He and his team collaborated with industry partners to explore improvements in efficiency and productivity, as even small percentage increases in hydrocarbon output can become large boosts in oil production. The largest domestic shale reservoirs are estimated to hold billions of gallons of oil apiece, with the Eagle Ford Shale alone spanning about 20,000 square miles.

The research group also emphasized the opportunity to repurpose shale wells as long-term storage hubs for the injected CO2. Other industries may supply the gas as a byproduct of their operations. Instead of releasing it to the atmosphere, where it would add to pollution, energy companies can leave much of it trapped beneath the surface for years, the researchers said.

“CO2 has a high attraction to attach to organic matter surfaces in shales,” Emami-Meybodi said. “If a goal is to sequester CO2 for the long term, the injection cycles can adjust to push the gas deeper into underground formations and optimize the storage.”

For their study, the researchers focused on the 400-mile-long Eagle Ford Shale, which stretches from south to east Texas and is among five major shale plays in the United States. Current extraction efforts, including hydraulic fracturing, typically capture less than 10% of oil in the Eagle Ford Shale, the researchers said.

They revised the injection methodology by intensifying the hydrocarbons’ exposure to CO2. In their optimization workflow, the researchers covered more surface area with the CO2 and adjusted the number of cycles, pressure, amount of injected CO2 and duration of the injections.

“We determined the modifications may let the injection method draw around 15% more of Eagle Ford’s oil hydrocarbons,” said Emami-Meybodi, who holds the Dr. Charles H. Bowman and Lynn A. Holleran Early Career Professorship in Petroleum and Natural Gas Engineering. “Injecting more CO2 generally enables greater reach into reservoirs and more effective mixing with embedded crude, helping to release more of the oil.”

Further, repurposing shale oil wells for CO2 storage could be a cost-effective way to temper greenhouse gases, said Ming Ma, co-author on the paper and a postdoctoral fellow in the John and Willie Leone Family Department of Energy and Mineral Engineering (EME) at Penn State. His contributions to the research included development of an in-house numerical model and writing code to simulate oil extraction under different approaches to injection.

“Our big hope is not only to see progress in the efficiency of hydrocarbon recovery from shale plays but also widespread utilization of abandoned shale wells to keep more CO2 out of the atmosphere,” Ma said. “Related work will include applying the new simulation to additional field data and more thoroughly assessing prospects for hydrocarbon recovery.”

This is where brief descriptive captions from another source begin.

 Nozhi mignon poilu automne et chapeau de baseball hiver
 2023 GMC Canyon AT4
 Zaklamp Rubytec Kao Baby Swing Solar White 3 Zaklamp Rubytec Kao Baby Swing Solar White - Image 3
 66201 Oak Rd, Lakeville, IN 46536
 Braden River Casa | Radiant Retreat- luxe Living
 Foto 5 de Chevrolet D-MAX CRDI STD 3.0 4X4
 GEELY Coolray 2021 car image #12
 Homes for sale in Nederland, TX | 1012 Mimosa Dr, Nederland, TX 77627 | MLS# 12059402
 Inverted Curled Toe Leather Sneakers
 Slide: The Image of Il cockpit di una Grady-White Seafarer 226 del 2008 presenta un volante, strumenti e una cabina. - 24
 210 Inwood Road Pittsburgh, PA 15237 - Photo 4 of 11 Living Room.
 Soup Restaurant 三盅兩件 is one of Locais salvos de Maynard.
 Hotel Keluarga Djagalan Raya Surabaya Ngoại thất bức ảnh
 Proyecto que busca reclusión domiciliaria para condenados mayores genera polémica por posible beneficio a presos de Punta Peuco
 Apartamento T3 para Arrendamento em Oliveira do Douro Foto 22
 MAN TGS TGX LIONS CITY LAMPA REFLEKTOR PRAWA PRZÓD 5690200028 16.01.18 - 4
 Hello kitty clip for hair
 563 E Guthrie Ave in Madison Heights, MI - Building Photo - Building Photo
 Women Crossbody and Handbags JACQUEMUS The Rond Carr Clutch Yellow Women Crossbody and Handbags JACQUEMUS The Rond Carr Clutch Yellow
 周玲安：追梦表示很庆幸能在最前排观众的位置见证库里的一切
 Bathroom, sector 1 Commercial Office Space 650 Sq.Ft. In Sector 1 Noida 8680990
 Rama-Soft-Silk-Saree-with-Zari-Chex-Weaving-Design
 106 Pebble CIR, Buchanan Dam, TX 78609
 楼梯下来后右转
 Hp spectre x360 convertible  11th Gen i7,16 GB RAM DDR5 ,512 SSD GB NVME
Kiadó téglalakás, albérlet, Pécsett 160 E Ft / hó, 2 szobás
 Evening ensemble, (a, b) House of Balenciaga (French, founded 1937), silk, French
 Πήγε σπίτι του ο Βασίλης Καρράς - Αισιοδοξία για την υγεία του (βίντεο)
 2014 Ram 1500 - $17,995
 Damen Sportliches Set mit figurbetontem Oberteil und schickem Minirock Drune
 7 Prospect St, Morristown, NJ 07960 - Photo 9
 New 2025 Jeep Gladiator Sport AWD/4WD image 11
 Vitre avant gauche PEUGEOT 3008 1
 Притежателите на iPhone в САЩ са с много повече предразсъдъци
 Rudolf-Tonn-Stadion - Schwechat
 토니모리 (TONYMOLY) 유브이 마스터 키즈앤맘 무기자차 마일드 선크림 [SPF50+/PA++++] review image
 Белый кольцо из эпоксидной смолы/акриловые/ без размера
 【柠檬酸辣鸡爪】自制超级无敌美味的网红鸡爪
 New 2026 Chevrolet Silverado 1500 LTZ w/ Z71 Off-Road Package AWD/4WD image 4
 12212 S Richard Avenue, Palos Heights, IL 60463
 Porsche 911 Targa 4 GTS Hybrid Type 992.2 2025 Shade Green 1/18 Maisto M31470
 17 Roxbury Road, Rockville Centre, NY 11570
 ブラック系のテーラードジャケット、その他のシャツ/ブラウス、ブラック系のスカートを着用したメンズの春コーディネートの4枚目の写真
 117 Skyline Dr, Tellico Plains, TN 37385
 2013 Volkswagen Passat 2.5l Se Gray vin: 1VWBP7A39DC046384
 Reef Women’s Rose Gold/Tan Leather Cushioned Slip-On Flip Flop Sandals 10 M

Following the boom in shale well development — shale oil production is poised to peak in 2027, according to the EIA — the U.S. faces a surge in so-called “mature” shale plays with diminished production, said Emami-Meybodi, who directs the Subsurface Energy Recovery and Storage Joint Industry Partnership (SERS JIP) at Penn State. Mature and abandoned shale wells represent promising prospects for CO2 storage, he said.

“Every day a well is closed, you’re losing money by not producing oil, but if you’re storing CO2 there, it can generate revenue,” Emami-Meybodi added. “While carbon dioxide can pose a leak concern in most conventional wells, that’s less of an issue in the structure of shale wells.”

Qian Zhang, a doctoral student in EME at Penn State, also contributed to the paper. The research was supported by the American Chemical Society Petroleum Research Fund and the member companies of SERS JIP.